▸ **Exercise description**: Write out, word for word and with no pictures, each line below from the one containing "El cooksnap de" through the one containing "of Legends Вышел", both included, and no other line.

▸ **Provided entries**:
● ● ●
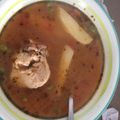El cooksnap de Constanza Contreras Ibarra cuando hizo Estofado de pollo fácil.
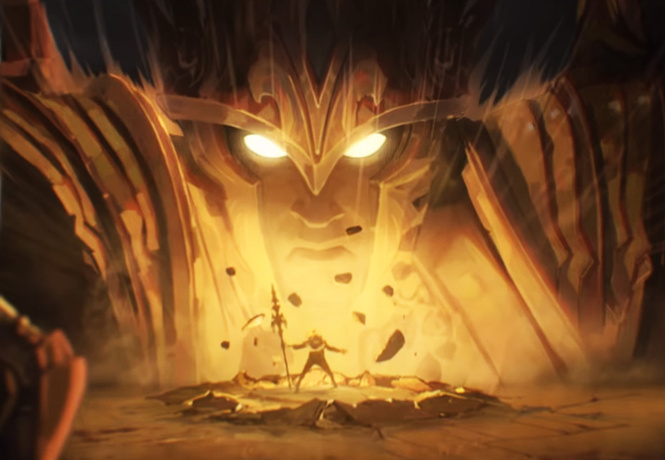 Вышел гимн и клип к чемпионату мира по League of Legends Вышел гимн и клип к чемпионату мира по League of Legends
● ● ●
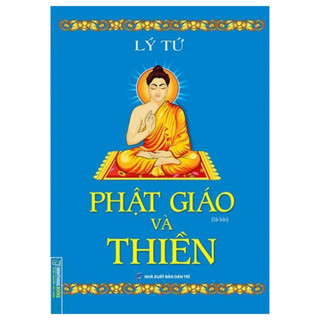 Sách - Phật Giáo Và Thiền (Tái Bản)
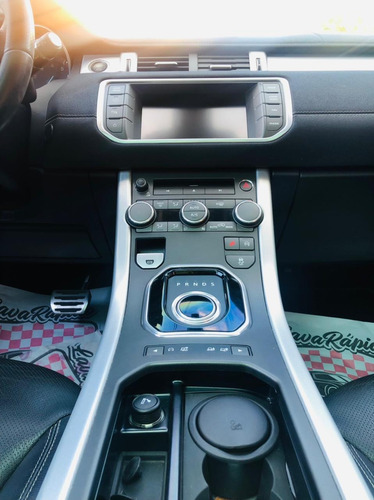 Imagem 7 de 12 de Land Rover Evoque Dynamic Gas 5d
● ● ●
▸ **Exercise result**:
El cooksnap de Constanza Contreras Ibarra cuando hizo Estofado de pollo fácil.
 Вышел гимн и клип к чемпионату мира по League of Legends Вышел гимн и клип к чемпионату мира по League of Legends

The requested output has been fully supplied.